What You Need To Walk In With
Walk into the next class able to state these:
- A search returns the index of a match, or -1 when the value is absent. Because the answer is an index, a search uses a counted
for, not afor-each. - Linear search checks each element in order; it works on any array.
- Binary search requires a sorted array and halves the remaining range on each step, so it is much faster on large sorted data.
You should be able to: write indexOf for a linear search, and state the precondition for binary search.
How It Works
Linear search
public static int indexOf(int[] xs, int target) {
for (int i = 0; i < xs.length; i++) {
if (xs[i] == target) {
return i;
}
}
return -1;
}It returns the index of the first match, or -1 if the loop finishes with no match. A for-each cannot do this: it exposes the value but not the index, and the index is the answer.
Binary search
Binary search works only on a sorted array. It tracks a range with low and high, checks the middle, and discards the half that cannot hold the target:
int low = 0, high = xs.length - 1;
while (low <= high) {
int mid = (low + high) / 2;
if (xs[mid] == target) { return mid; }
else if (xs[mid] < target) { low = mid + 1; }
else { high = mid - 1; }
}
return -1;Each step halves the range, so binary search on a sorted array of a million elements needs about twenty checks, while linear search may need a million.
Worked Example: Predict, Then Check
int[] xs = {2, 4, 6, 8}; // sorted
// binary search for 6: low=0 high=3 mid=1 (xs[1]=4 < 6, low=2)

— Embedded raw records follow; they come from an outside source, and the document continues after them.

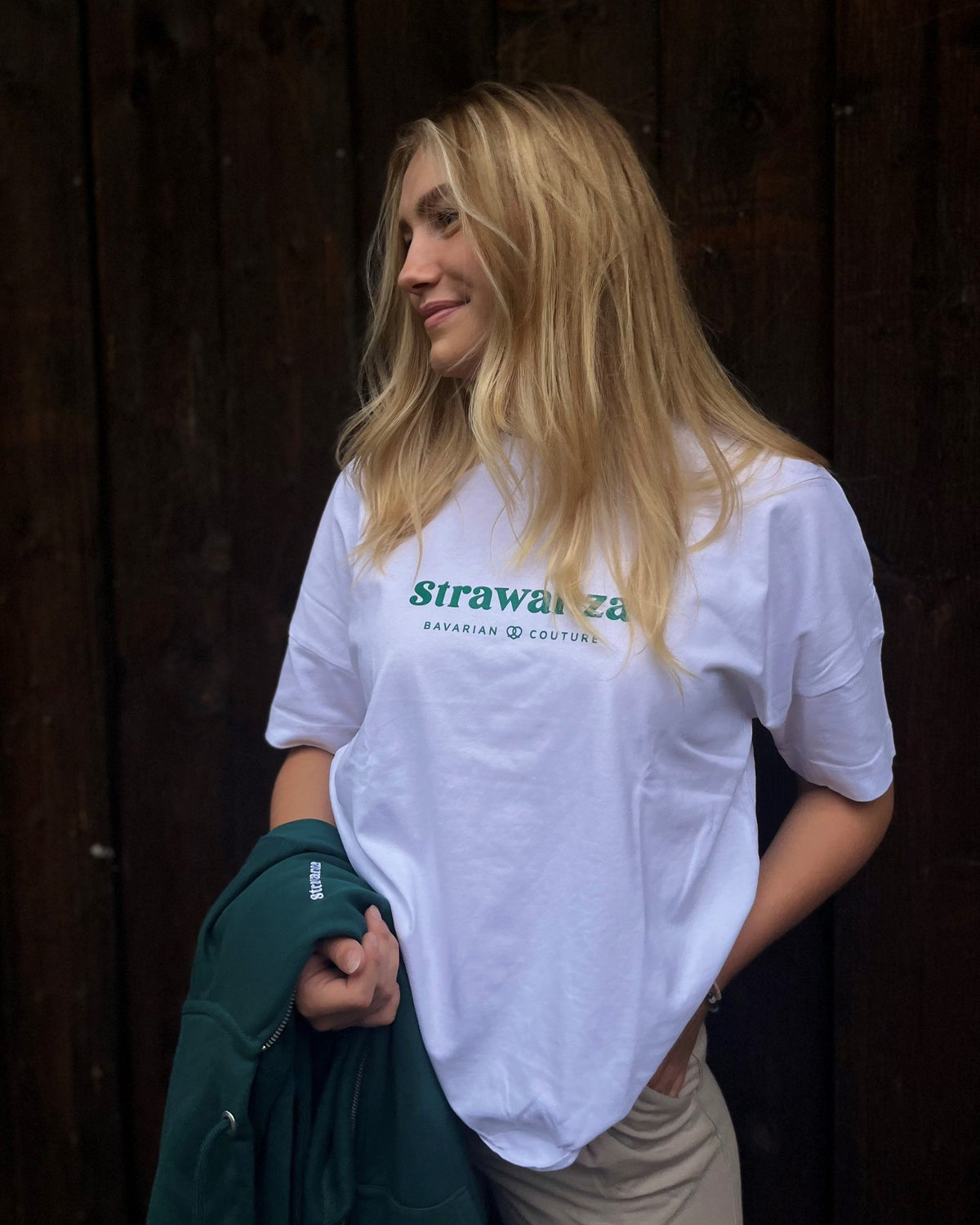 Eine Frau trägt ein weißes T-Shirt mit einem grünem Schriftzug vorne auf der Brust.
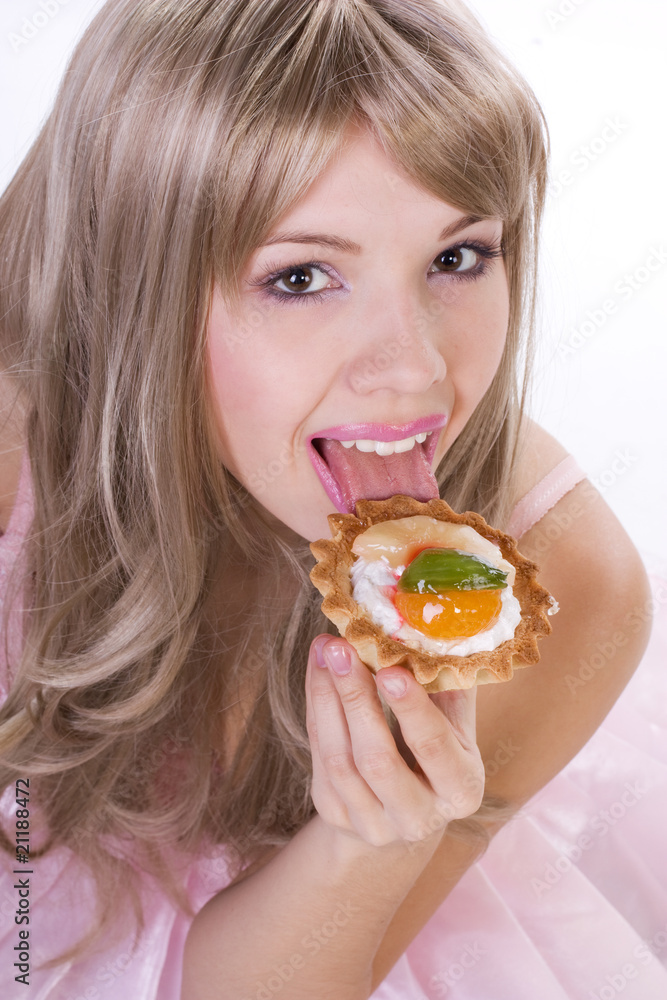 Portrait of pretty girl with piece of cake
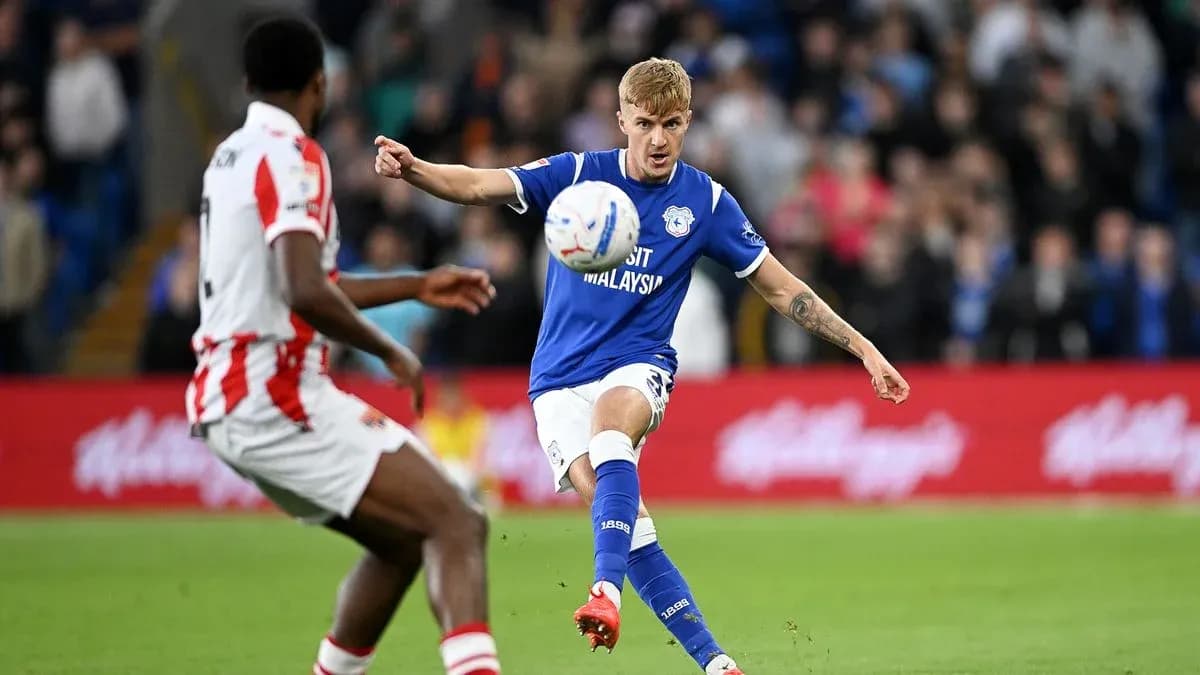 Cardiff City player shooting the ball during match Cardiff City player shooting the ball during match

// low=2 high=3 mid=2 (xs[2]=6) -> found at index 2Predict the returned index for target 6.
Reveal
2. The first midpoint is index 1 (value 4, too small, so low moves to 2); the next midpoint is index 2 (value 6), a match.
A Common Mistake
Running binary search on an unsorted array returns -1 even when the target is present, because the order-based decision to move low or high discards the wrong half. Binary search is not “just a faster search”; it has a precondition. Sort first, or use linear search on unsorted data. (Source: BJP (Reges and Stepp), Ch 13.)
Go Deeper (optional)
For the curious: halving the range each step is why binary search is described as logarithmic. The number of steps to narrow n elements to one is about the number of times you can halve n, which is the base-two logarithm of n. That is the same idea as asking how many digits a number needs, and it connects directly to what a logarithm measures.
Check Yourself
Close the notes and answer each one from memory, then reveal it. Pulling an idea back from memory is one of the strongest ways to make it stick.
Check your understanding
Can indexOf (linear search) be written with a for-each loop?
What precondition does binary search require?
Binary search returns -1 for a value that is present in the array. Most likely cause?
What does a linear search return when the target is not found?